Flex-office
Révolution ou détérioration de la qualité de vie au travail ?

Avec Anne Laure Gahinet nous avons décidé depuis quelques mois de tester le Flex Office. Concrètement notre bureau est dans notre sac, et nous choisissons où nous voulons  travailler : à La Colloc dans l’espace de coworking, dans une salle de réunion ou dans le bureau avec l’équipe, ou en télétravail depuis d’autres espaces de coworking dans d’autres villes. Ce fonctionnement nous a obligées à modifier complètement nos manières de travailler. Aujourd’hui, je me sens « libre », plus productive, plus organisée, je prends du recul, j’ai plus de temps pour lire et écrire 🙂 

Toutefois, si ce fonctionnement nous convient , ce n’est pas le cas pour tous et j’ai eu envie de vous parler de cette nouvelle manière de travailler qui se développe de plus en plus dans les entreprises et qui suscite aussi pas mal de controverses. Reprenons du début :

Qu’est ce que le flex-office ? 

Le principe est simple : les salariés n’ont plus de poste de travail fixe attitré. Ils choisissent en fonction de leur mission l’espace le plus adapté : bureau, open-space, salle de réunion ou bien même canapé du salon (home office).  Les espaces de travail sont pensés en fonction des usages  et non plus selon la logique traditionnelle : un salarié – un bureau.

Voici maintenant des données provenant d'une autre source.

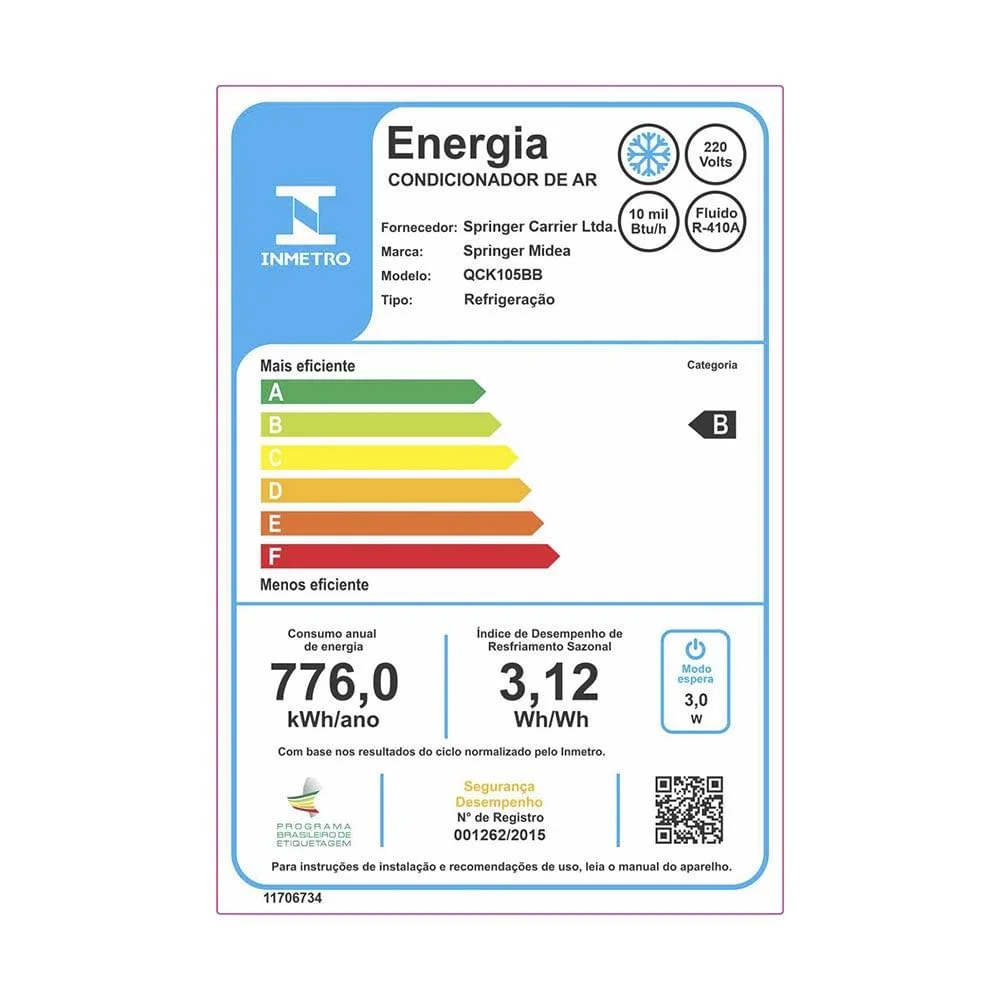 Imagem 3 de 3 do produto Ar Condicionado Janela Springer Midea, 10.000 BTUs, Quente E Frio, Mecânico, 220V -  Qqk105bb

“14% des actifs français sont concernés par le flex-office parmi eux 22% se déclarent insatisfaits de la qualité de vie au travail (contre 3% en moyenne chez ceux qui ont un bureau)” Source : Actineo / SocioVision / Management Novembre 2019 – N°279

Pourquoi le flex-office ?

Ce concept, résolument tourné vers le collaboratif, prône la mutualisation des espaces et équipements. En effet, le taux d’occupation des bureau ne dépasse pas 30% et le flex-office apparaît comme une solution pour réduire les surfaces de bureau et donc réduire les coûts.

Mais le flex-office n’est pas qu’une manière de faire des économies, c’est avant tout une nouvelle façon de manager, de responsabiliser les salariés, de leur faire confiance. Si vous le mettez en place avec l’objectif de faire des économies, vous ne le faites pas pour les bonnes raisons, au contraire. Le flex-office doit être envisagé dans un contexte où l’entreprise souhaite expérimenter de nouvelles manières de travailler qui replacent l’humain au coeur de leurs préoccupations. L’économie financière réalisée sur les mètres carrés de bureau économisés est l’un des résultats, mais ne doit pas être le moteur de l’action. Auquel cas, cela risque de vous coûter bien plus cher suite à la dégradation de la qualité de vie au travail dans votre entreprise.

Quels impacts sur la qualité de vie au travail ?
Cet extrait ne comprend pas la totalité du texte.